• Problem to work on:
Beginning with the line below that contains "Feuilles Lierre Plante" and ending with the line that contains "Excursion by minibus", copy every line exactly. Copy nothing else.

(Extracted records)

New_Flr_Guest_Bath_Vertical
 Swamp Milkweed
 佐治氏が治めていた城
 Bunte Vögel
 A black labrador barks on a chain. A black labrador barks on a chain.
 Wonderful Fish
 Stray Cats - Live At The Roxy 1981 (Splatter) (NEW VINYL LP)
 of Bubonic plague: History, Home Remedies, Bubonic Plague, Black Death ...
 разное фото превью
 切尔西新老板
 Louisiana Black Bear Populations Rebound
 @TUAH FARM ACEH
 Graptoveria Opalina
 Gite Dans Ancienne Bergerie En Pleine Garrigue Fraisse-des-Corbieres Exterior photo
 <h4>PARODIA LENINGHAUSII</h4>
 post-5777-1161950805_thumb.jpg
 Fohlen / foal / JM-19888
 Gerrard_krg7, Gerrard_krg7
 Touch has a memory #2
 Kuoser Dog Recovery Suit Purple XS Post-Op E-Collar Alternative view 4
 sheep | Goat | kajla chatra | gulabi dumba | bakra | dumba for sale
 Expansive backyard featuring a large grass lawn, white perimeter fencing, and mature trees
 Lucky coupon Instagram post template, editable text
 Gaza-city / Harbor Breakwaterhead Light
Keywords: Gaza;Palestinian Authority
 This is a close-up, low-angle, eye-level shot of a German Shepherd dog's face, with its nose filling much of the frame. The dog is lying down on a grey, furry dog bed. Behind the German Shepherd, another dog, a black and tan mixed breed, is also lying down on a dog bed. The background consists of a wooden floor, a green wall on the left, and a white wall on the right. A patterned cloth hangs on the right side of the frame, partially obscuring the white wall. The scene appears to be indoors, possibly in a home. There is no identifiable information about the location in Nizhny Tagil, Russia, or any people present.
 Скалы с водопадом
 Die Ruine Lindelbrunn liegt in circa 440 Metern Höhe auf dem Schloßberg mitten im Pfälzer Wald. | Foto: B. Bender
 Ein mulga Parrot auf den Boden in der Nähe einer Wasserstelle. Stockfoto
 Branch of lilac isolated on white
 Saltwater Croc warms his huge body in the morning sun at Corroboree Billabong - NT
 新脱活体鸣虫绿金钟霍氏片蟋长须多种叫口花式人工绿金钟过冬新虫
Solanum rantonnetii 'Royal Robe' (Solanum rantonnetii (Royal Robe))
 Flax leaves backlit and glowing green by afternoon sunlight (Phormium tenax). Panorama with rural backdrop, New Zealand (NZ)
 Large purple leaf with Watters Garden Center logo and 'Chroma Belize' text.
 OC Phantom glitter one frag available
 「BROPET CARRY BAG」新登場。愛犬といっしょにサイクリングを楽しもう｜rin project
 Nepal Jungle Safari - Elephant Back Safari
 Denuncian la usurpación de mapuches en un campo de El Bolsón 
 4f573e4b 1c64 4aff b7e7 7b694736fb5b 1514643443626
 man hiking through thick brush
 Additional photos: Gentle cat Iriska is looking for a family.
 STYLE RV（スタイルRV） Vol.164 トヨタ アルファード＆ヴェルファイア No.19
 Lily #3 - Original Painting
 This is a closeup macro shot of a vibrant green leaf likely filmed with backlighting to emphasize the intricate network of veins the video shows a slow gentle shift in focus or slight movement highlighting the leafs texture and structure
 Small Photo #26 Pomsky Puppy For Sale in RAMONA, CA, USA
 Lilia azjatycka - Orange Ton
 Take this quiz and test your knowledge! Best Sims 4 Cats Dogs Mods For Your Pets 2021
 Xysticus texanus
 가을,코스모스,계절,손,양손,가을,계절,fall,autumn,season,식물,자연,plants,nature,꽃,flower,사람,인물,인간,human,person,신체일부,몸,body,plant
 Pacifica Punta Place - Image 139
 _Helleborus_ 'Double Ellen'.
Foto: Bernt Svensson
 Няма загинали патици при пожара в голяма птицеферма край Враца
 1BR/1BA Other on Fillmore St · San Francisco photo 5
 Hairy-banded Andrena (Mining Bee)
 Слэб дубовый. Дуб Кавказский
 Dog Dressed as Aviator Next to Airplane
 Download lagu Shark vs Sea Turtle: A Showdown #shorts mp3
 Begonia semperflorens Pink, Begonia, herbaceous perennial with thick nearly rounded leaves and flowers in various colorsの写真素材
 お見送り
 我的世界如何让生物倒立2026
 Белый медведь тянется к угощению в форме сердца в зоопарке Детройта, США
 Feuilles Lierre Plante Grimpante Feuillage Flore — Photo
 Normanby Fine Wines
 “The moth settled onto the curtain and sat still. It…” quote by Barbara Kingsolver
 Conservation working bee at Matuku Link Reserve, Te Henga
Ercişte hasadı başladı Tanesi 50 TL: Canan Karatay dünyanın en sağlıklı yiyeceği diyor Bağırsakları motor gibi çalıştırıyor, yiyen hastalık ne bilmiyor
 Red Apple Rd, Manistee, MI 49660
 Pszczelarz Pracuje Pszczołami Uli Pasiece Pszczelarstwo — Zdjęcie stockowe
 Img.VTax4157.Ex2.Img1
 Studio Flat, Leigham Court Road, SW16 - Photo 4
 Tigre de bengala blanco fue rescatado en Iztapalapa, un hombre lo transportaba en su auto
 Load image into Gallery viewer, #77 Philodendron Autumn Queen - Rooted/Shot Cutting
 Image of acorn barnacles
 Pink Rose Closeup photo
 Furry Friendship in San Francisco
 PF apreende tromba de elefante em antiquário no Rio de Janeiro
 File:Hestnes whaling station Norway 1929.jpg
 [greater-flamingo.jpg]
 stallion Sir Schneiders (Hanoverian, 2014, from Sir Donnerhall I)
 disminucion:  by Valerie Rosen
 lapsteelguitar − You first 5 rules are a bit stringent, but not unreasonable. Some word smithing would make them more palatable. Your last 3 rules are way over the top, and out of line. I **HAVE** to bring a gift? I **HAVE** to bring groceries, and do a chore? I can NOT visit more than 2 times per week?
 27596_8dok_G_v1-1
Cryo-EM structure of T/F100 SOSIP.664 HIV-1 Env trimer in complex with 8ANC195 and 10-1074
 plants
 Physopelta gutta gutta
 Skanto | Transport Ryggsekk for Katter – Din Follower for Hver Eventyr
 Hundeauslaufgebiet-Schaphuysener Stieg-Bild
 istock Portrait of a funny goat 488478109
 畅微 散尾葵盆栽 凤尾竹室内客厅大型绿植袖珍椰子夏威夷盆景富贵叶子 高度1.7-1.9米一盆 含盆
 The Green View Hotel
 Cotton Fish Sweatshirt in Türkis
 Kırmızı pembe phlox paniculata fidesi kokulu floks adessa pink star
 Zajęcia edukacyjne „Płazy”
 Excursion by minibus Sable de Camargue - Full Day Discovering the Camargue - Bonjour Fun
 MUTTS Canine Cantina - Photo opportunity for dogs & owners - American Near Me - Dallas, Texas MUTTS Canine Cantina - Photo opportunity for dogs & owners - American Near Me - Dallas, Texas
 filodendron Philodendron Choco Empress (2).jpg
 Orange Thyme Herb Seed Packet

(End Extracted records)

• Reply to the task:
 Feuilles Lierre Plante Grimpante Feuillage Flore — Photo
 Normanby Fine Wines
 “The moth settled onto the curtain and sat still. It…” quote by Barbara Kingsolver
 Conservation working bee at Matuku Link Reserve, Te Henga
Ercişte hasadı başladı Tanesi 50 TL: Canan Karatay dünyanın en sağlıklı yiyeceği diyor Bağırsakları motor gibi çalıştırıyor, yiyen hastalık ne bilmiyor
 Red Apple Rd, Manistee, MI 49660
 Pszczelarz Pracuje Pszczołami Uli Pasiece Pszczelarstwo — Zdjęcie stockowe
 Img.VTax4157.Ex2.Img1
 Studio Flat, Leigham Court Road, SW16 - Photo 4
 Tigre de bengala blanco fue rescatado en Iztapalapa, un hombre lo transportaba en su auto
 Load image into Gallery viewer, #77 Philodendron Autumn Queen - Rooted/Shot Cutting
 Image of acorn barnacles
 Pink Rose Closeup photo
 Furry Friendship in San Francisco
 PF apreende tromba de elefante em antiquário no Rio de Janeiro
 File:Hestnes whaling station Norway 1929.jpg
 [greater-flamingo.jpg]
 stallion Sir Schneiders (Hanoverian, 2014, from Sir Donnerhall I)
 disminucion:  by Valerie Rosen
 lapsteelguitar − You first 5 rules are a bit stringent, but not unreasonable. Some word smithing would make them more palatable. Your last 3 rules are way over the top, and out of line. I **HAVE** to bring a gift? I **HAVE** to bring groceries, and do a chore? I can NOT visit more than 2 times per week?
 27596_8dok_G_v1-1
Cryo-EM structure of T/F100 SOSIP.664 HIV-1 Env trimer in complex with 8ANC195 and 10-1074
 plants
 Physopelta gutta gutta
 Skanto | Transport Ryggsekk for Katter – Din Follower for Hver Eventyr
 Hundeauslaufgebiet-Schaphuysener Stieg-Bild
 istock Portrait of a funny goat 488478109
 畅微 散尾葵盆栽 凤尾竹室内客厅大型绿植袖珍椰子夏威夷盆景富贵叶子 高度1.7-1.9米一盆 含盆
 The Green View Hotel
 Cotton Fish Sweatshirt in Türkis
 Kırmızı pembe phlox paniculata fidesi kokulu floks adessa pink star
 Zajęcia edukacyjne „Płazy”
 Excursion by minibus Sable de Camargue - Full Day Discovering the Camargue - Bonjour Fun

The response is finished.